The slain sports chiefs had last week inspected the reconstruction of the national stadium in Mogadishu, a city which had slowly been coming back to life since Somali and African Union forces secured most of it late last year.
Somalia's deputy sports minister had said people were eager to "benefit from the peaceful atmosphere" in Mogadishu.
The stadium was once used by the Shebab rebels as a training centre, turning the pitch into a firing range to test homemade armour piercing bullets.
But last year, Western-backed AU troops seized the stadium and used it as a forward base for assaults on rebel holdouts before turning it over to the government for restoration as a sports venue.
Despite the lull in street fighting, Mogadishu has been plagued by a series of suicide and grenade attacks since the Shebab abandoned fixed bases in August and reverted to guerrilla tactics.
A suicide bomber last month killed at least five people in an attack at the heavily guarded presidential palace.
In regions under their control, the extremist militia have banned football, watching movies, Western music and dressing, with offenders often flogged or publicly executed.
AU force deputy commander Audace Nduwumunsi described the bombing as a "despicable crime against the Somali people" and UN special envoy Augustine Mahiga also expressed outrage.
"The reopening of the National Theatre is symbolic of the real change that is happening in Somalia: the city is being rebuilt, culture is being revived and hope is being restored," he said in a statement.
Britain, which has sought to lead international efforts to end the crisis, condemned what Prime Minister David Cameron branded a "sickening" and "mindless" attack.
"I utterly condemn the action of these terrorists who have shown complete disregard for the lives of the Somali people and for their desire to bring back normal daily life in Mogadishu.

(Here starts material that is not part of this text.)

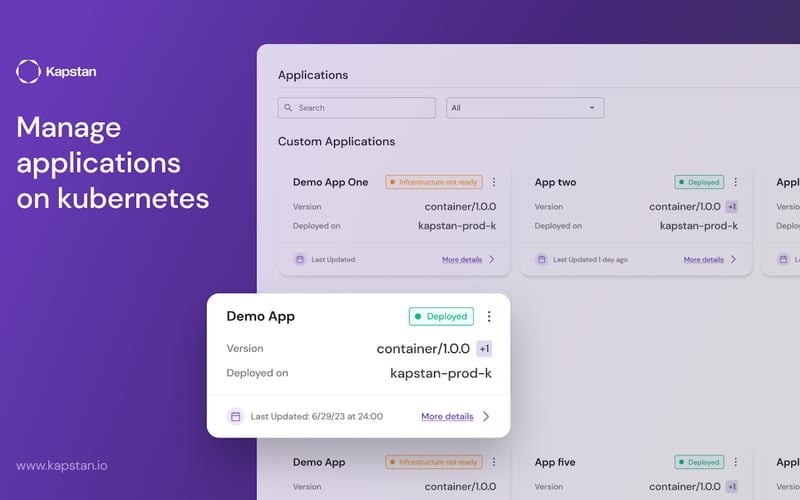 Kapstan.io screenshot 2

The United States also strongly condemned what it called an "outrageous attack today in Mogadishu that resulted in a tragic loss of life".
"We offer our condolences to the Somali people, particularly those who lost family and loved ones," White House spokesman Jay Carney said, noting that Somalia had made great recent strides to rebuild after two decades of civil strife.
"We remain committed to the people of Somalia and assisting them in countering Al-Shebab's violence and in returning peace to their country."
Somalia has lacked an effective central government for years, allowing armed groups, pirates and extremists rebels to thrive and establish control in vast regions.